PinguinPinguïns zijn vogels met vinnen.

Pinguïns zijn vogels die niet kunnen vliegen. Ze hebben sterke vinnen in plaats van vleugels. Op het land lopen ze rechtop, grappig waggelend als clowntjes. Maar in de sneeuw kunnen ze harder rennen dan een mens. Op het ijs glijden ze op hun buik. Ze zetten zich af met hun poten en vleugels en lijken net snelle sleetjes.Pinguïns zijn kampioenen in zwemmen en duiken. Het lijkt alsof ze door het water vliegen.

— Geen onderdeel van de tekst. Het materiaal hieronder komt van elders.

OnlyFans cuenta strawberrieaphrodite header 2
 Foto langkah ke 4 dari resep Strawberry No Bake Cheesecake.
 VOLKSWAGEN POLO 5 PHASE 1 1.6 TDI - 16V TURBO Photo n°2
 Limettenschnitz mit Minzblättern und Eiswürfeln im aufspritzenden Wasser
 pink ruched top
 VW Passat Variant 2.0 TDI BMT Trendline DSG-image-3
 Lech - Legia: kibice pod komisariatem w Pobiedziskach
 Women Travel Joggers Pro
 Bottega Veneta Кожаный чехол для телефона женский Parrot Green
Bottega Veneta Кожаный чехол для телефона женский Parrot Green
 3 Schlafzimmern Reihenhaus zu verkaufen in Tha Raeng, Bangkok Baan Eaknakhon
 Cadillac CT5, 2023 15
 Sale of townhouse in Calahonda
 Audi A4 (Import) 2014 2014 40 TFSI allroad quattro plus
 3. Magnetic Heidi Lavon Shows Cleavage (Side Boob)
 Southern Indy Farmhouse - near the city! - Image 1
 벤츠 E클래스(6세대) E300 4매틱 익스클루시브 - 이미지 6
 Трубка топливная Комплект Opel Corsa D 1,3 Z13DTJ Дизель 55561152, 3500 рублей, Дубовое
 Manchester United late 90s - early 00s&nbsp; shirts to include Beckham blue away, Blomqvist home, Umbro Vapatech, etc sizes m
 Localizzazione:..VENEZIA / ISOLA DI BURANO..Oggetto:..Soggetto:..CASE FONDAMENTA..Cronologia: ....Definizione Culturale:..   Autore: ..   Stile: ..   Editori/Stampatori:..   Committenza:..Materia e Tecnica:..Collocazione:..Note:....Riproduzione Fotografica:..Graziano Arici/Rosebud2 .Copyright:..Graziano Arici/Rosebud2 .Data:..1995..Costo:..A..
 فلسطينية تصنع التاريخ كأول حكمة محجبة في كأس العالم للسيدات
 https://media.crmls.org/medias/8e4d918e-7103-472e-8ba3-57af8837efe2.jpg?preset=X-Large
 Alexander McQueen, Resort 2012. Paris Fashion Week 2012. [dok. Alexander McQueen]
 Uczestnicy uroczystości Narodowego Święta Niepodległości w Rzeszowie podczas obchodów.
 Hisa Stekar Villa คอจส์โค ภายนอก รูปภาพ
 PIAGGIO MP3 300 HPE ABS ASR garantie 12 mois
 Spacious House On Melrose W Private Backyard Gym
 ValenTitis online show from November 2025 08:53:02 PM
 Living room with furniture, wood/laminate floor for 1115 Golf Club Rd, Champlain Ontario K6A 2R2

Snel als raketten jagen ze achter vissen aan. Ze zijn helemaal aangepast aan het leven in de zee. Ze hebben 'roeivleugels'en 'stuurpoten'. En ze zijn fraai gestroomlijnd. Soms duiken ze als dolfijnen boven en onder water. Als ze boven water komen halen ze adem terwijl ze keihard doorzwemmen. Keizerpinguïns kunnen meer dan 250 meter diep duiken om hun prooien te vangen. Hoe dat kan begrijpt niemand. Kleinere pinguïns jagen meer aan de oppervlakte van het water. Omdat Antartica bijna helemaal bedekt is met ijs, is er niet veel eetbaars te vinden. Maar in zee krioelt het van het voedsel! Het wemelt er van drijvende mini-plantjes en mini-diertjes, mini-kreeftjes, vissen en zeewier. Pinguïns halen dan ook al hun eten uit het water. Ze vangen vooral mini-kreeftjes, vissen en inktvissen. Alle pinguins drinken zoet en zout water en als het nodig is 'drinken' ze sneeuw.